La componente genetica del Diabete di Tipo 2 (DT2) coinvolge principalmente la funzione delle beta-cellule. Studi di associazione su tutto il genoma (GWAS) hanno identificato molti loci associati al DT2. Però gran parte dell’ereditarietà osservata rimane inspiegata. Tale ereditarietà mancante potrebbe essere dovuta a molteplici varianti infrequenti. Estremi di un fenotipo risultano arricchiti in varianti funzionali e causali. Perciò un potente approccio per identificarle è il risequenziamento di geni canditati in estremi di un tratto fenotipico. Scopo di questo lavoro è identificare varianti infrequenti in loci associati al DT2 da GWAS, alla ricerca di difetti primari delle beta-cellule nella secrezione insulinica, mediante 3 fasi: Fase 1, sequenziamento di 9 geni candidati (CDKAL1, ARAP1, JAZF1, IGF2BP2, KCNQ1, ADCY5, ADAMTS9, NAT2 e GCK) in 383 individui selezionati dagli estremi del Disposition Index (DI); Fase 2, studio di replicazione in una coorte ulteriore (n~500); Fase 3 validazione delle associazioni, tramite genotipizzazione, in un gruppo ampio ed indipendente (n~3500).
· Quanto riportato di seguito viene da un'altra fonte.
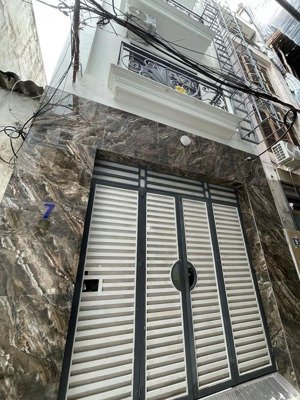 bán nhà phố trần duy hưng, cầu giấy 115m2, xây 7 tầng thang máy. giá 20 tỷ. sổ đỏ chính chủ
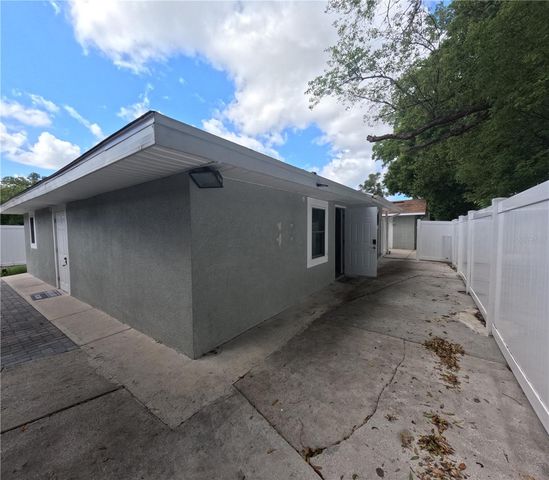 8507 N BROOKS STREET, Tampa, FL 33604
In tutti i soggetti (N=2200) sono state misurate, mediante OGTT, secrezione e resistenza insulinica, compresi gli indici IGI30 (insulinogenic), ISI (insulin-sensitivity) e DI (IGI30xISI). Il campione esplorativo è stato analizzato mediante sequenziamento di nuova generazione (NGS)
Fase 1: di 1360 varianti totali, 434 risultano funzionali: non-sinonime, stop o splicing e distribuite in uno solo degli estremi. È stato osservato un arricchimento, sia in alleli che in portatori, nel quintile inferiore del DI, quello associato a difetti della secrezione insulinica. Collassando le varianti collettivamente all’interno dei singoli geni, le analisi indicano ADCY5 come il gene più associato al quintile inferiore del DI (OR:5.8 95% CI [1.107-31.031] p:0.0375). Stiamo ora procedendo alla fase 2. Tali dati rafforzano il ruolo della secrezione insulinica nello sviluppo del DT2. Inoltre si osserva un accumulo di varianti infrequenti nei soggetti con difetti della secrezione insulinica. Tali dati supportano il “modello omingenico” proposto da Boyle et al. per il quale un accumulo di varianti è necessario per sviluppare la malattia, in aggiunta ai fattori ambientali.